Then there’s a final point that I noted in an op-ed last June. Support it or not, there’s no doubt that affirmative action greatly accelerated integration on college campuses and in the workplace, thus fueling the expansion of the black middle class and increasing the harmonious exposure of blacks and whites to one another. As Jonathan Kaufman acknowledged in the Wall Street Journal on Thursday, “the growth of the middle class and integration of the workplace didn’t only reshape the black community, it transformed the attitudes of many whites as well.” Two generations of Americans have grown up studying together and working together, many of whom are now less inclined to judge political leaders, co-workers and friends based on race, gender or sexual orientation.

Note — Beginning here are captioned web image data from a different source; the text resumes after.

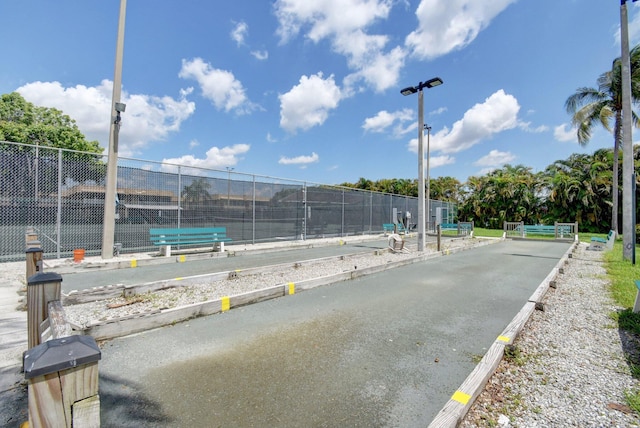 surrounding community featuring a game area, fence, and a tennis court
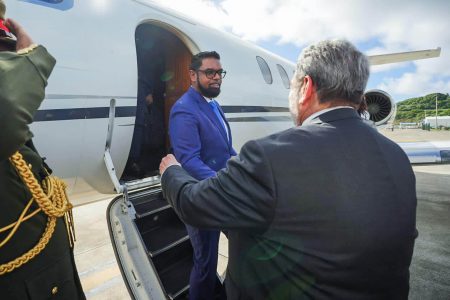 President Irfaan Ali being greeted upon his arrival in St Vincent and the Grenadines on Thursday by Prime Minister Ralph Gonsalves. (Office of the President photo)
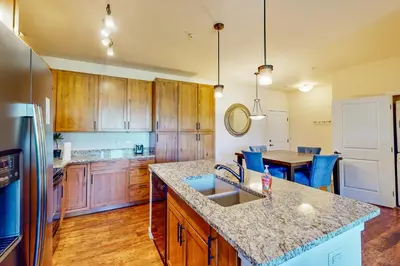 a kitchen with wooden cabinets and a counter top at Granby Ranch H103 in Granby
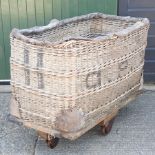 An early 20th century wicker GPO mail trolley on wheels,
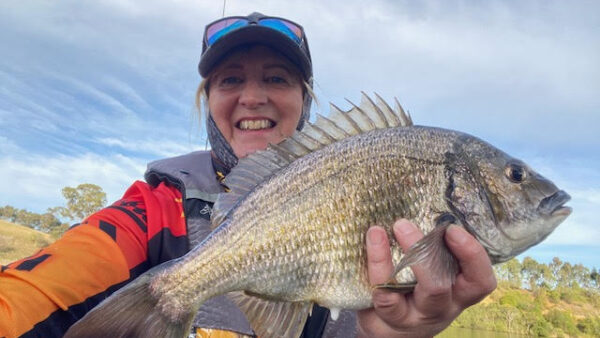 A woman wearing a red and orange shirt is holding a Bream fish for a photo selfie style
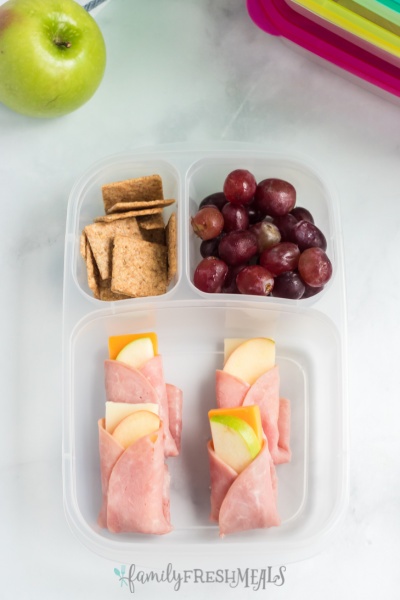 ham apple cheese wraps in a lunchbox with crackers and grapes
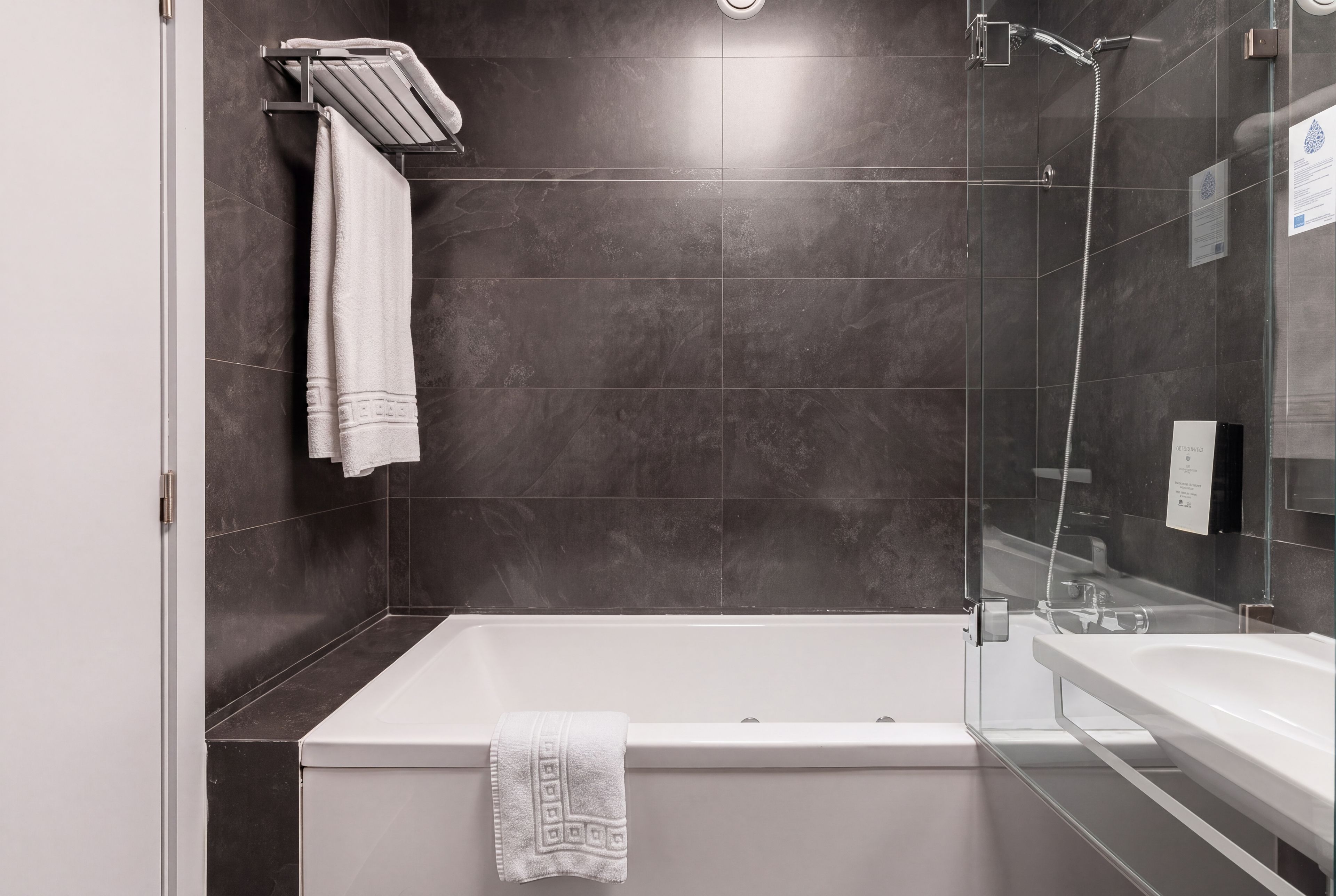 A modern bathroom with a bathtub, a shower, and a sink.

Barack Obama clearly is the beneficiary of this spirit of open-mindedness.

Notwithstanding the acclamation of Barack Obama and even if he becomes president, the inequities and injustices that continue to afflict black folk will not evaporate. When it comes to race relations, America remains imperfect although ours is unquestionably a more perfect union than any other on earth. To paraphrase Neil Armstrong, Senator Obama’s triumph is one mammoth step for African Americans and America alike.

On the eve of January 1, 2000, it was commonplace to herald the dawn the new era of harmony, opportunity and inclusion in this, the most diverse nation on earth. The terrorists attack on 9/11 put the euphoria on hold. Albeit eight years late, the New Millennium finally arrived this week.